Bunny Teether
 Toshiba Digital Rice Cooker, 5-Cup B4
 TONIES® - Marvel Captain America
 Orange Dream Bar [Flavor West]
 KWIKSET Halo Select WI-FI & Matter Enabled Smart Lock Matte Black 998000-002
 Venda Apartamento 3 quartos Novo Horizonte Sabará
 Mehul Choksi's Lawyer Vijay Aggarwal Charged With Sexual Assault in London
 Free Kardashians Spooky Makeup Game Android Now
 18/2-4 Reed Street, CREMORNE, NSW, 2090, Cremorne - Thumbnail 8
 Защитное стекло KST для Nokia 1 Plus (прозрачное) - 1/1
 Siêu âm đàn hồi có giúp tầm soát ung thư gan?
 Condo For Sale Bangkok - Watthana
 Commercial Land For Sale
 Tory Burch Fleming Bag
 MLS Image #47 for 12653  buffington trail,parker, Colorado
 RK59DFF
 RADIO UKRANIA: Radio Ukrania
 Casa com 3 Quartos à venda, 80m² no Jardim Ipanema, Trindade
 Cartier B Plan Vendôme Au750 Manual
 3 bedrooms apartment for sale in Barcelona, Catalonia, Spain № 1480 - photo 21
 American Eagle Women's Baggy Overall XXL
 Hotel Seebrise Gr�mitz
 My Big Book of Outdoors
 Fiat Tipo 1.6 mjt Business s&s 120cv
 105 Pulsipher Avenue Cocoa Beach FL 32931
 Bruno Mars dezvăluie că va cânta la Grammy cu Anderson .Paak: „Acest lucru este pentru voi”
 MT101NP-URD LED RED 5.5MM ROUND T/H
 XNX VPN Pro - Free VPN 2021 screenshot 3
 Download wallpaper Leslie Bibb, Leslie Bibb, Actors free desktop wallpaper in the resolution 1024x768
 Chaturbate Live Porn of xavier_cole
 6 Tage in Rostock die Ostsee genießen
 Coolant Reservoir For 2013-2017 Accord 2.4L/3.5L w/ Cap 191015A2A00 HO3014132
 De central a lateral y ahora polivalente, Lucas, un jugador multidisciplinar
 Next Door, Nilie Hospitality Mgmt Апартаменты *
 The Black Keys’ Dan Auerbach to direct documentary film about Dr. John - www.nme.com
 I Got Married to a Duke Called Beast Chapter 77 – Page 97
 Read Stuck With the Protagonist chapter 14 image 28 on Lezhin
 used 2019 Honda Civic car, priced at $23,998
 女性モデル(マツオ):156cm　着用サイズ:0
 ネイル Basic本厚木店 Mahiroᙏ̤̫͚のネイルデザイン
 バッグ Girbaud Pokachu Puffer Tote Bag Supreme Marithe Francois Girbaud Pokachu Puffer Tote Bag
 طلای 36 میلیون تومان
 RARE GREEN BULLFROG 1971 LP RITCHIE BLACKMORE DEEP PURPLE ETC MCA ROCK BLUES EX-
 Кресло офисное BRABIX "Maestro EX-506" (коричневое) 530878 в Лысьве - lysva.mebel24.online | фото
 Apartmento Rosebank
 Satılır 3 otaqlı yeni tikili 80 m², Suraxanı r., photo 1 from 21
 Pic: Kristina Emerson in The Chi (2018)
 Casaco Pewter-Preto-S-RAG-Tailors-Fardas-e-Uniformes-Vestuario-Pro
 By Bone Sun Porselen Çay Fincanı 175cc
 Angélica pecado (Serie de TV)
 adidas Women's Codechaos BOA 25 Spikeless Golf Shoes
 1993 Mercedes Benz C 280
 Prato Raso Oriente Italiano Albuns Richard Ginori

*Task brief*
Print the material above verbatim, first line through the line containing "Fiat Tipo 1.6 mjt Business s&s 120cv", both included.

*Reply*
Bunny Teether
 Toshiba Digital Rice Cooker, 5-Cup B4
 TONIES® - Marvel Captain America
 Orange Dream Bar [Flavor West]
 KWIKSET Halo Select WI-FI & Matter Enabled Smart Lock Matte Black 998000-002
 Venda Apartamento 3 quartos Novo Horizonte Sabará
 Mehul Choksi's Lawyer Vijay Aggarwal Charged With Sexual Assault in London
 Free Kardashians Spooky Makeup Game Android Now
 18/2-4 Reed Street, CREMORNE, NSW, 2090, Cremorne - Thumbnail 8
 Защитное стекло KST для Nokia 1 Plus (прозрачное) - 1/1
 Siêu âm đàn hồi có giúp tầm soát ung thư gan?
 Condo For Sale Bangkok - Watthana
 Commercial Land For Sale
 Tory Burch Fleming Bag
 MLS Image #47 for 12653  buffington trail,parker, Colorado
 RK59DFF
 RADIO UKRANIA: Radio Ukrania
 Casa com 3 Quartos à venda, 80m² no Jardim Ipanema, Trindade
 Cartier B Plan Vendôme Au750 Manual
 3 bedrooms apartment for sale in Barcelona, Catalonia, Spain № 1480 - photo 21
 American Eagle Women's Baggy Overall XXL
 Hotel Seebrise Gr�mitz
 My Big Book of Outdoors
 Fiat Tipo 1.6 mjt Business s&s 120cv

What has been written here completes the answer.